(Beginning of Dataset excerpts)
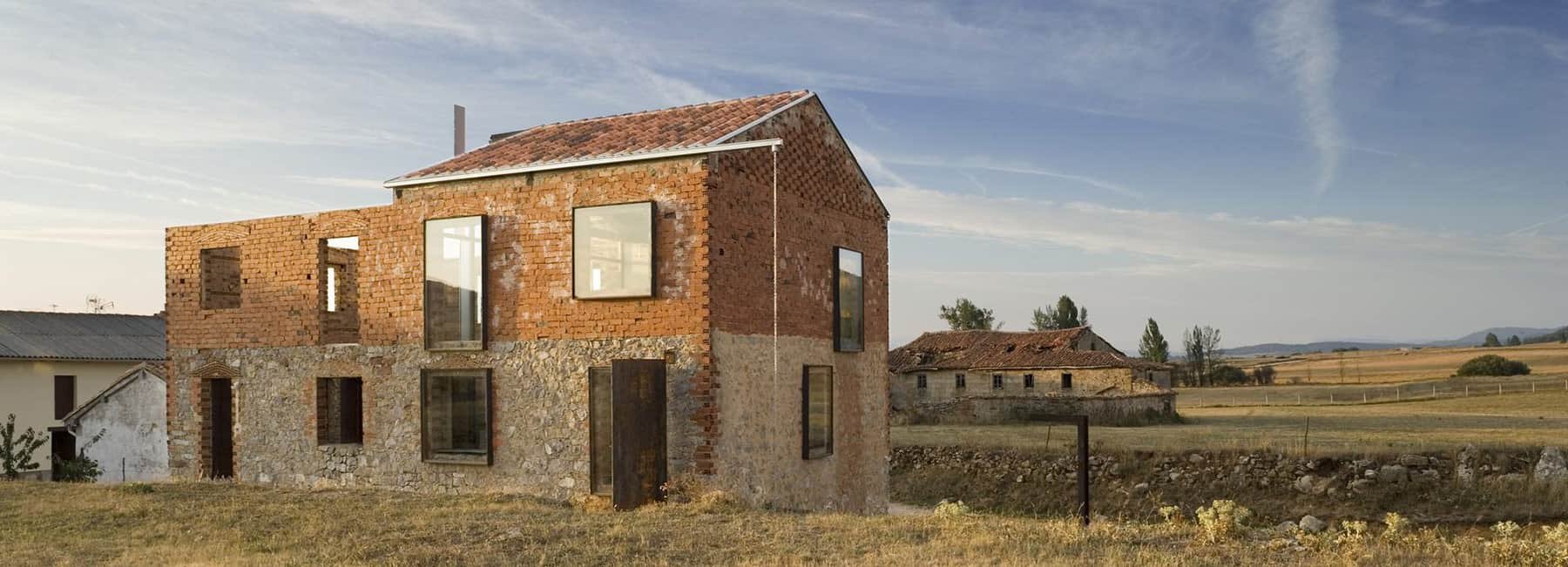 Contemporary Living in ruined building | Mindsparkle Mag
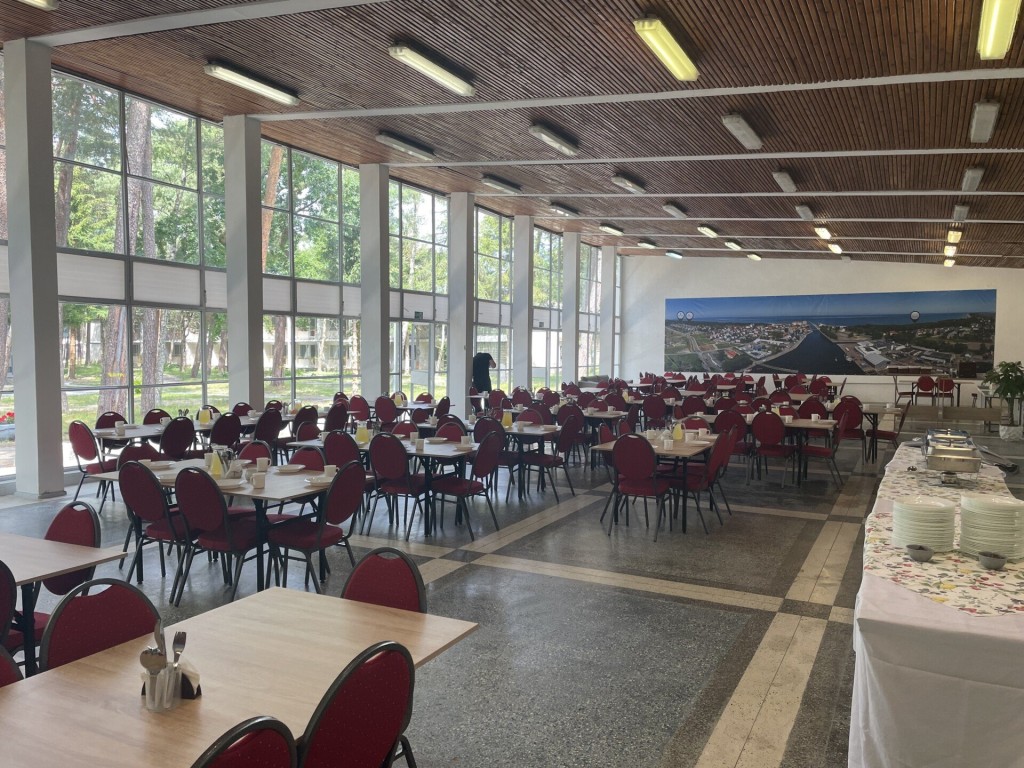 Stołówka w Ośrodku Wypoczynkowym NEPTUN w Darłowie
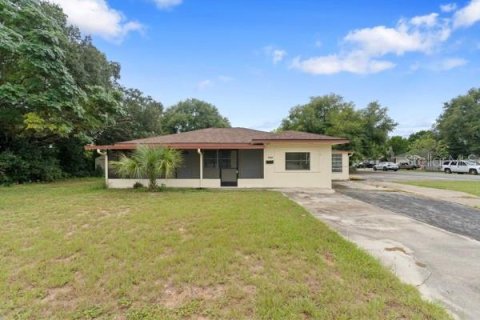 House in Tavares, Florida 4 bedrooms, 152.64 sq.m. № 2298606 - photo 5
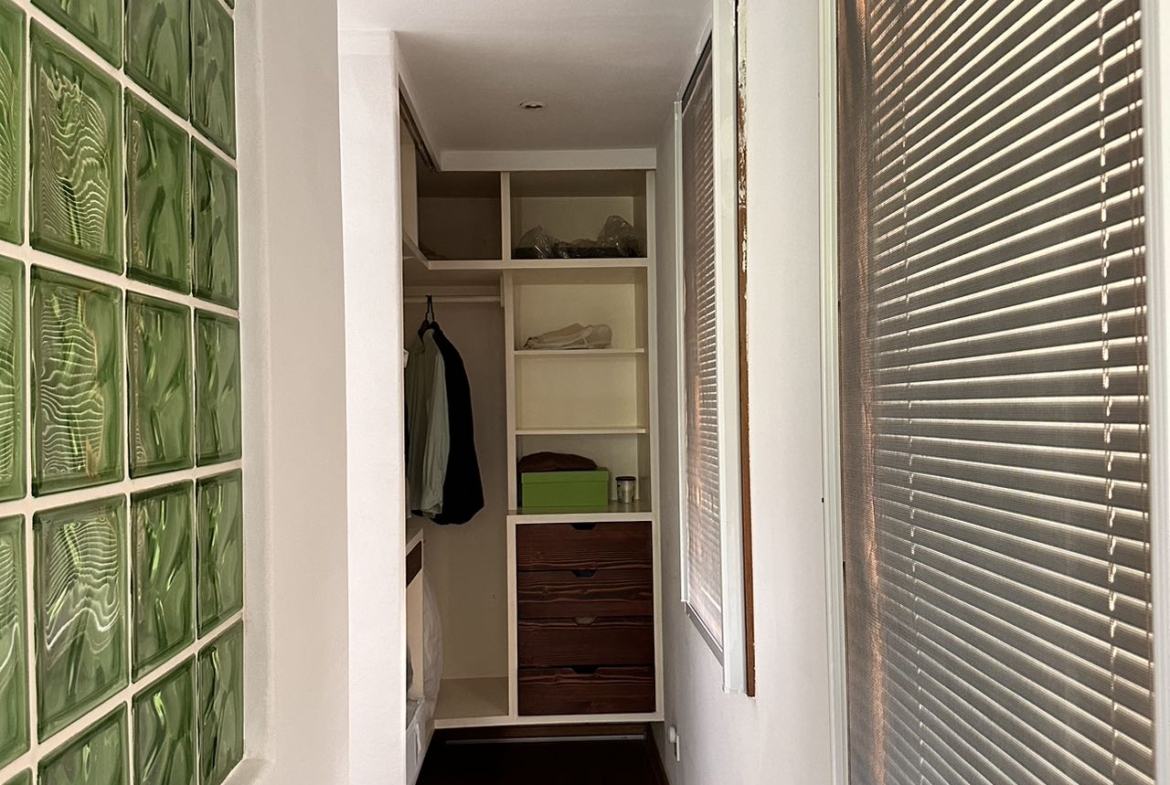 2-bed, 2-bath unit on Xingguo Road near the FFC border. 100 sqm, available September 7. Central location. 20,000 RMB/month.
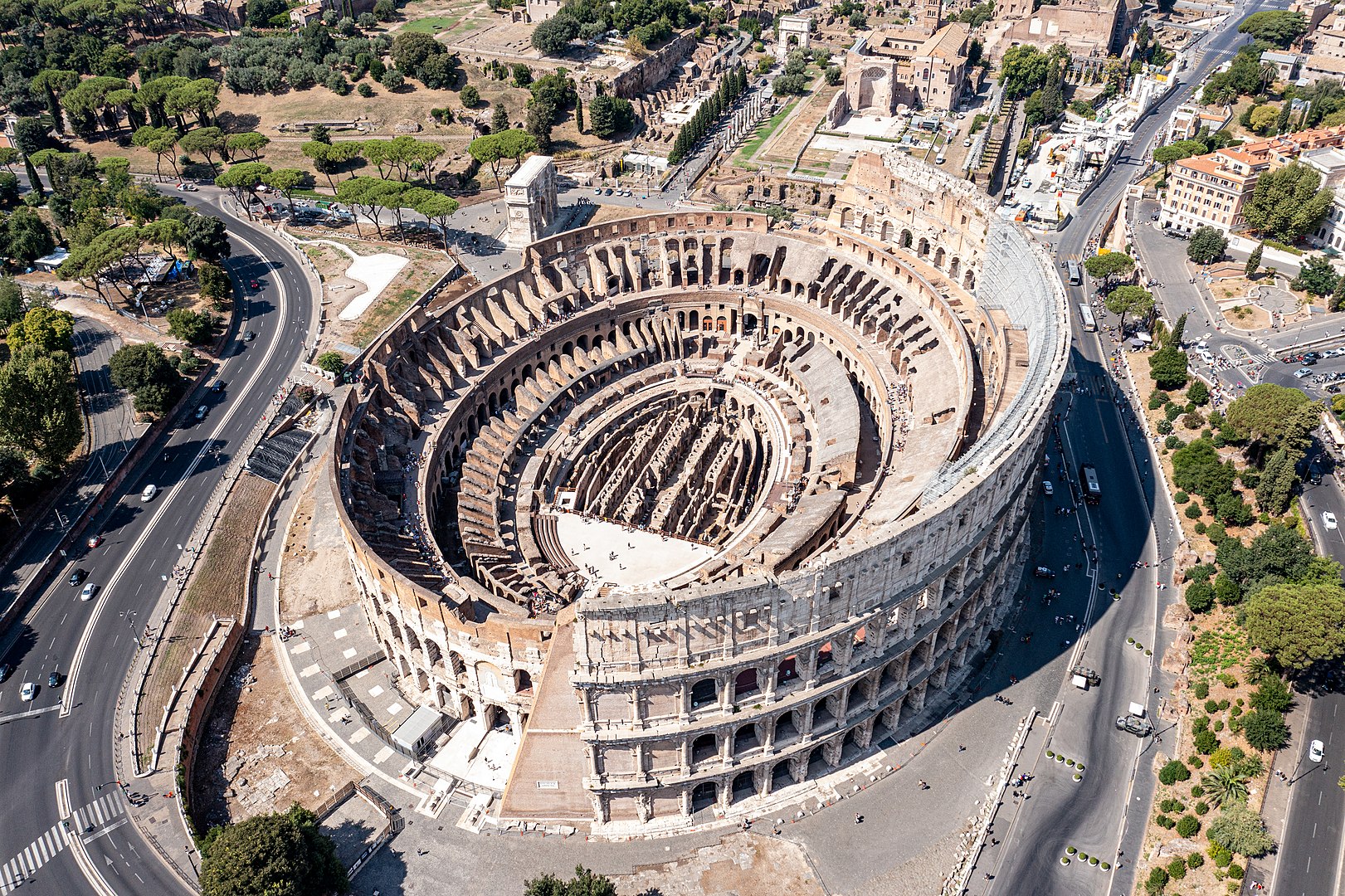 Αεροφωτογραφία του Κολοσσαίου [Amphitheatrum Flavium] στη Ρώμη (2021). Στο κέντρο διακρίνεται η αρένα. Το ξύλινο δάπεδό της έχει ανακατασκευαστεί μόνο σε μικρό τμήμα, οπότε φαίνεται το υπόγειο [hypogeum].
(End of Dataset excerpts)
**Instructions for the task:**
The span to retype runs from the line containing "2-bed, 2-bath unit" through the last line of the listing above, both ends included; copy it exactly, without pictures.

**Solution for this task:**
 2-bed, 2-bath unit on Xingguo Road near the FFC border. 100 sqm, available September 7. Central location. 20,000 RMB/month.
 Αεροφωτογραφία του Κολοσσαίου [Amphitheatrum Flavium] στη Ρώμη (2021). Στο κέντρο διακρίνεται η αρένα. Το ξύλινο δάπεδό της έχει ανακατασκευαστεί μόνο σε μικρό τμήμα, οπότε φαίνεται το υπόγειο [hypogeum].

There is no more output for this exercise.